I have a sparse, real, symmetric matrix which I'm trying decompose into its e.v. The odd thing is: if I calculate the top 20 eigen-vectors using eigs, I get different results than if I calculate the top 50 and then pick out the top 20.
opts.v0 = rand(size(K,1),1);
opts.p = 100;
n_ev = 20;
[V,D] = eigs(K, n_ev,'lm',opts);
Display(V,79,95,size(V,1)/(79*95),20)
n_ev = 50;
[V,D] = eigs(K, n_ev,'lm',opts);
Display(V,79,95,size(V,1)/(79*95),20)
n_ev = 70;
[V,D] = eigs(K, n_ev,'lm',opts);
Display(V,79,95,size(V,1)/(79*95),20)
Can this be explained by the fact that eigen-vectors are not unique? Any other insights would be highly appreciated.
Thanks
According to John in a mathworks post
This is because eigs uses a random start
Since eigs is a ARPACK library it could be time consuming to read through its documentation. However we can assume that 1) it does not try to solve the inverse matrix and 2) random number is involved so output has random error.
An experiment is done:
clear;clc;close all
K = randn(100);
N = 20;
DD = zeros(N,10);
for ii = 1:10
[V,D] = eigs(K, N,'lm');
DS = diag(D);
[~,DI] = sort(abs(DS),'descend');
DS = DS(DI);
DD(:,ii) = DS;
end
DN1 = abs(DD);
N = 50;
DD = zeros(N,10);
for ii = 1:10
[V,D] = eigs(K, N,'lm');
DS = diag(D);
[~,DI] = sort(abs(DS),'descend');
DS = DS(DI);
DD(:,ii) = DS;
end
DN2 = abs(DD);
DN2 = DN2(1:20,:);
N = 20;
DD = zeros(N,10);
for ii = 1:10
[V,D] = eigs(K, N,'lm');
DS = diag(D);
[~,DI] = sort(abs(DS),'descend');
DS = DS(DI);
DD(:,ii) = DS;
end
DN3 = abs(DD);
which follows your procedure: first top 20, then top 50, and then top 20. In each step, same procedure is repeated 10 times.

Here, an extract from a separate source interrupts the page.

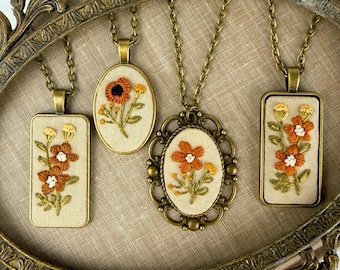 Embroidered Fall Floral Necklaces,  Autumn Necklace with Orange Flowers, Embroidered Botanical Necklace, Bookish Jewelry, Cottagecore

I have saved the top 20 of each step and did a quick comparison:
Err = (sum((DN1-DN2).^2+(DN2-DN3).^2+(DN1-DN3).^2,1)).^.5;
>> Err
Err =
Columns 1 through 6
0.0000 0.0000 0.0000 0.0870 0.0000 0.0000
Columns 7 through 10
0.0000 0.0000 0.0870 0.0870
>> min(Err),max(Err)
ans =
3.1665e-13
ans =
0.0870
>>
For most of the times the error is comparable to eps(1) but a few error is big. This suggests that in order to generate a reliable result, repeated calculation and averaging may be required.
However if your question is merely they are out of order (I think I got your point now), you could sort the vector with respect to the magnitudes after the evaluation. My experiment should be able to prove that after the sort the top 20 are always the same.
Edit: As @TroyHaskin has pointed out in comments you have defined opts (and I blatantly removed it) to define the random seeds. Let's add those lines and see what happens with the error:
Err =
Columns 1 through 6
0.0016 0.0016 0.0016 0.0016 0.0016 0.0016
Columns 7 through 10
0.0016 0.0016 0.0016 0.0016
Possible (guessed) explanation: as the number of interested e.v. increases the error grows since "some" tolerance is loosened to guarantee the speed performance.